# IMOS long time series products
## Hourly aggregated files
*Eduardo Klein. Apr-2021*  



This document presents the structure of the hourly aggregated long time series product, how to discover the file, interact with the data and plot some variables over the time/depth.  
  
  


## File structure

Normally, every instrument recovered from a mooring array represents an individual file in the [IMOS THREDDS server](http://thredds.aodn.org.au/thredds/catalog/IMOS/ANMN/catalog.html). This characteristic that facilitates the individual quality control and metadata handling pose some challenges for the analysis of long time series: 

- Many files for one time series
- Instruments deployed to varying depths
- Instruments sample at different times
- Significant work and expert knowledge required to view and analyse time series
- Different user groups need different products (gridded density, MLD, data combined from multiple sources, plots, etc…)

The hourly aggregated product is a file that aggregates all the variables from one site into one-hour bins. 

The aggregated file is a netCDF 4 file organised in an [Indexed Ragged Array](http://cfconventions.org/cf-conventions/v1.6.0/cf-conventions.html#_indexed_ragged_array_representation) structure that follows the Climate-Forecast conventions and IMOS netCDF file conventions (*diagram by M. Hidas*): 

![Indexed Ragged Array](./img/indexedraggedarray.png)

Some characteristics of this structure:

- `TIME` is no longer a dimension.
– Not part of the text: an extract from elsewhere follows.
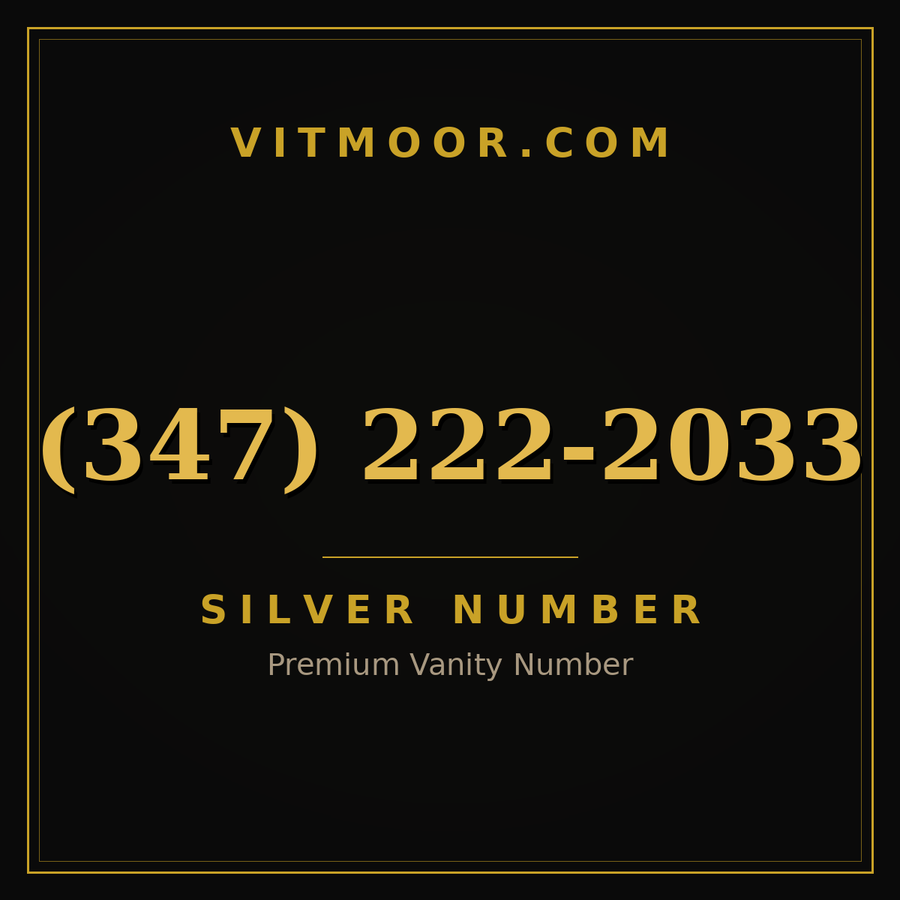 VITMOOR Silver premium number (347) 222-2033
That means that the ordinary selecting and plotting methods for CF netCDF are no longer available. `TIME` is one of the variables in the file.
- the dimensions of the file are `OBSERVATION` and `INSTRUMENT`. As the aggregation process combine instruments that normally have common timestamps, the time variable could have repeated values. Also each deployment (instrument) is identified by and index and the compound instrument name, make, serial. In this way it is easy to filter according to specific instruments.


The aggregation takes the variable values half an hour before the hour and half an hour after the hour and reduce the variable values by calculating the mean or the median. Additional variables resulting from the aggregation process are also available in the file, as ancillary variables.
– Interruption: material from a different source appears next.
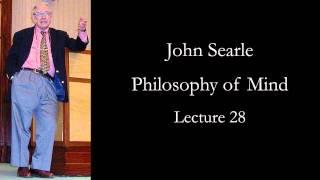 Searle: Philosophy of Mind, lecture 28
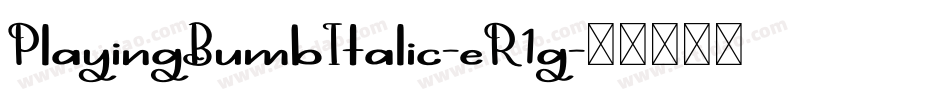 PlayingBumbItalic-eR1g字体转换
![hourly aggregation](./img/BurstAveraging.png)



## Discovering the files

One of the characteristics of the IMOS file naming convention is that the creation date is part of the file name. That means that every time the IMOS-AODN automatoc pipeline produces a new aggregated file for a site, the old file will be replaced by a new one with **a different name**. This could represent a challenge to access the file programatically and normally you need to go to the AODN THREDDS server and look for the new file name. 

Here is a function that helps you to discover the name of the most recent aggregated file. It requires the name of the site (`site_code`, like GBRCHH or NRSYON), the type of product (`product`: aggregated, hourly, or gridded), the `parameter` (only for type=aggregated, like `TEMP` or 'velocity'), QC level (only for hourly, only good data `QC` True), and the root of the URL `webURL`: 'S3': Amazon AWS (to download, fastest), 'wget' (AODN THREDDS, to download), 'opendap' (AODN THREDDS to open remotely).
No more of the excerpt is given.